YOUR INSTRUCTIONS: Please retype all of the entries that follow, leaving the images out.

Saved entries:
──────────
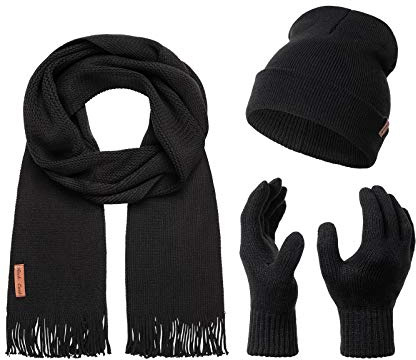 Rock Creek Winter Mütze Schal Handschuh-Set Geschenkset Wintermütze Winterschal Winterhandschuhe Herrenmütze Damenmütze U-100 Schwarz Einheitsgröße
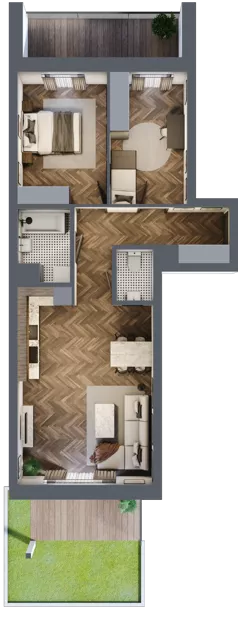 3 pokoje, mieszkanie 65,33 m², parter, oferta nr 5B, Osiedle Farbiarska, Tomaszów Mazowiecki, ul. Farbiarska 28, 32, 34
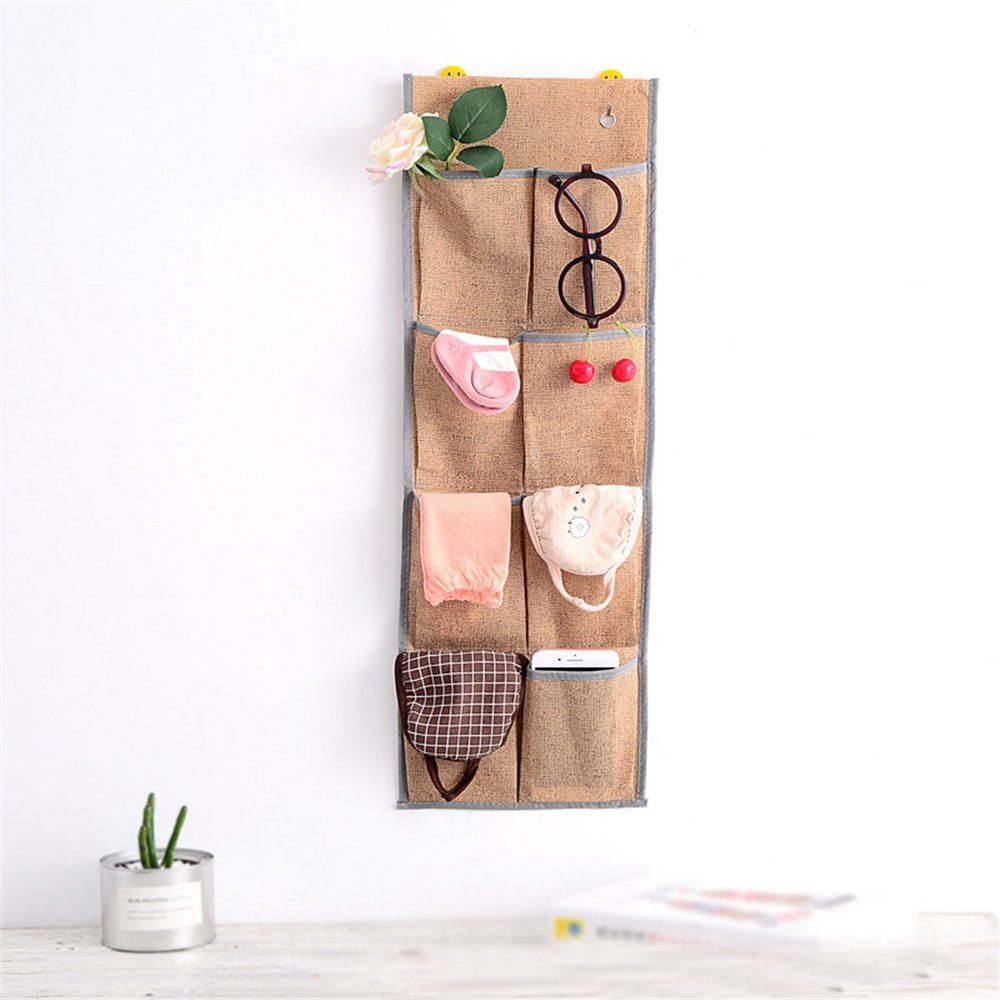 

8 Grids Design Home Sundries Storage Bag, Camel brown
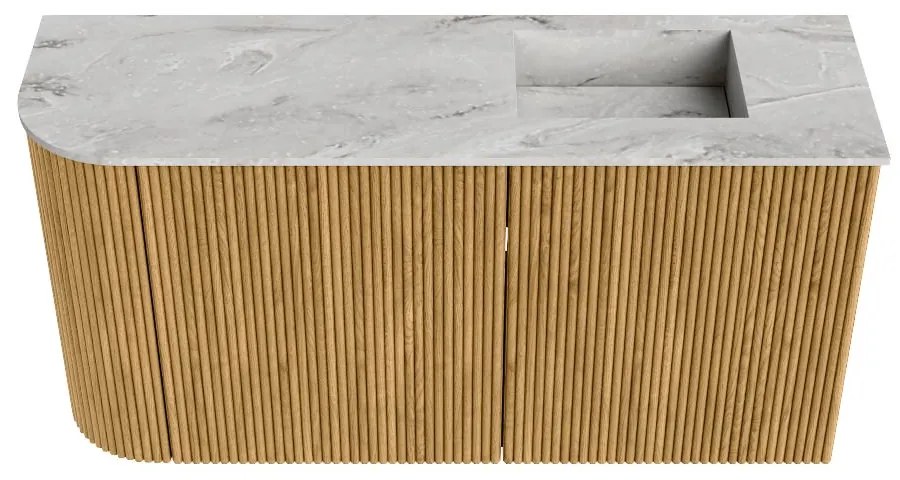 Mondiaz Joya DLux 80cm toiletmeubel ronding links oak met wastafel faye rechts 1 kraangat glace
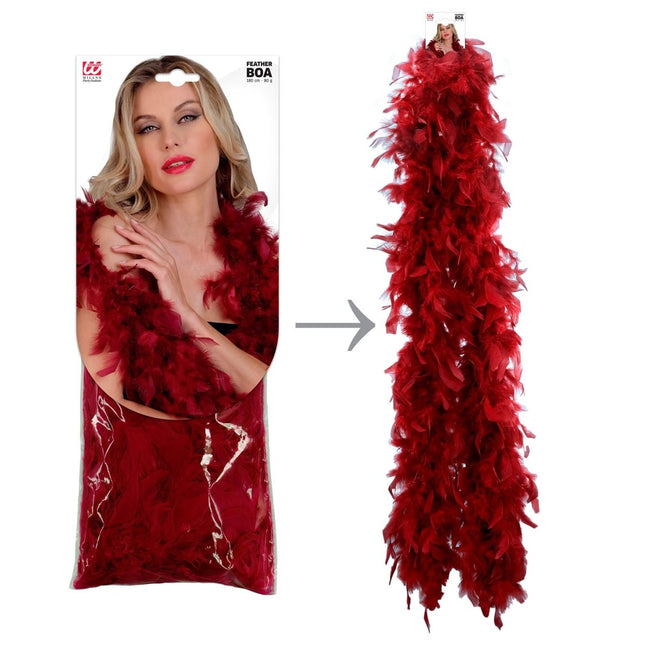 Bordeaux Rode Boa Veren 1,8m van Widmann koop je bij Partywinkel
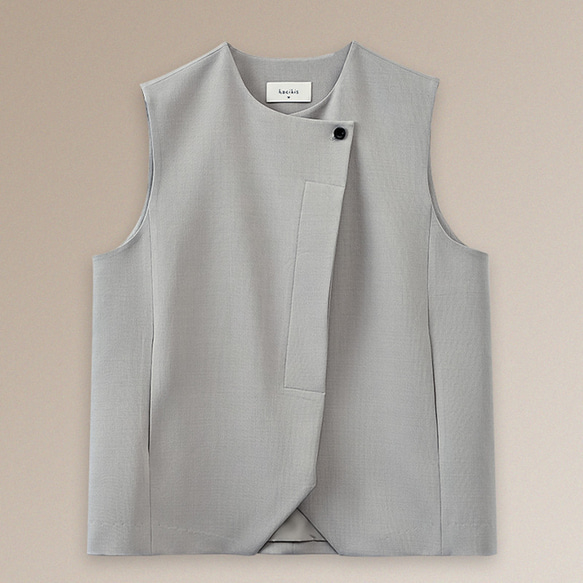 【オールドマネー/レイヤード】きれいめ着やせのラウンドネックベスト。通勤シーンにさりげない贅沢を。#777 5枚目の画像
──────────
TASK RESULT:
 Rock Creek Winter Mütze Schal Handschuh-Set Geschenkset Wintermütze Winterschal Winterhandschuhe Herrenmütze Damenmütze U-100 Schwarz Einheitsgröße
 3 pokoje, mieszkanie 65,33 m², parter, oferta nr 5B, Osiedle Farbiarska, Tomaszów Mazowiecki, ul. Farbiarska 28, 32, 34

8 Grids Design Home Sundries Storage Bag, Camel brown
 Mondiaz Joya DLux 80cm toiletmeubel ronding links oak met wastafel faye rechts 1 kraangat glace
 Bordeaux Rode Boa Veren 1,8m van Widmann koop je bij Partywinkel
 【オールドマネー/レイヤード】きれいめ着やせのラウンドネックベスト。通勤シーンにさりげない贅沢を。#777 5枚目の画像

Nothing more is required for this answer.